Witten. . Wenige Tage vor der Stichwahl schaltet Bürgermeisterkandidat Frank Schweppe deutlicher auf Attacke um. Adressatin ist Amtsinhaberin Sonja Leidemann.

Mit 20 Jahren Erfahrung als Sozial-, Schul- und Sportdezernent und einem verschärften Ton gegenüber seiner politischen Gegnerin Sonja Leidemann versucht Bürgermeisterkandidat Frank Schweppe auf den letzten Metern vor der Stichwahl zu punkten. Im Interview verrät der gemeinsame Bewerber von SPD und CDU, wie er die kleinen und großen Probleme der Stadt als erster Mann im Rathaus anpacken würde.

Wie sehr hat Sie die Niederlage im ersten Durchgang getroffen?

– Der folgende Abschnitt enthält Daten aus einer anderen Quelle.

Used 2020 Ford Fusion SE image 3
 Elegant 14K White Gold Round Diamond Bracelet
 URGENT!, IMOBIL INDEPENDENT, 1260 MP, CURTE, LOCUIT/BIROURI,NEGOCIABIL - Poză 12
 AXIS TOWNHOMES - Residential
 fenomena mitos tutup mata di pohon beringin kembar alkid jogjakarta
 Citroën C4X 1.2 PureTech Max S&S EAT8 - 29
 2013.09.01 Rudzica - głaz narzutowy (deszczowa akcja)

Schweppe: Ich bin Demokrat, der sich den Regeln unterwirft. Im Moment ist aber keine Niederlage herbeigeführt. Aber es ist ja auch gar nicht überraschend gewesen, dass ich in die Rolle des Sündenbocks gekommen bin, nach dem Streit in der SPD, der gar nicht mit meiner Person begonnen hat. Aber nach draußen bin ich nun einmal das wahrnehmbare Gesicht. Ich wundere mich nur darüber, dass sowohl ehemalige als auch aktuelle Ratskollegen nicht den Blick dafür haben, wie die Rollen verteilt sind.

Wie meinen Sie das?

Es ist schon erstaunlich, dass sich Frau Leidemann alle Erfolge zuschreibt. Dass ich die unangenehmen Beschlüsse treffe, ist sehr holzschnitzartig. Die Schule in Durchholz zu schließen, war beispielsweise ein Ratsbeschluss. Sie hat ja auch noch ein paar Dezernate wie Wirtschaftsförderung, Kultur oder Integration. Wo sind denn da die Erfolge? In meinen Ressorts Sport, Jugend und Soziales ist nicht ganz wenig passiert.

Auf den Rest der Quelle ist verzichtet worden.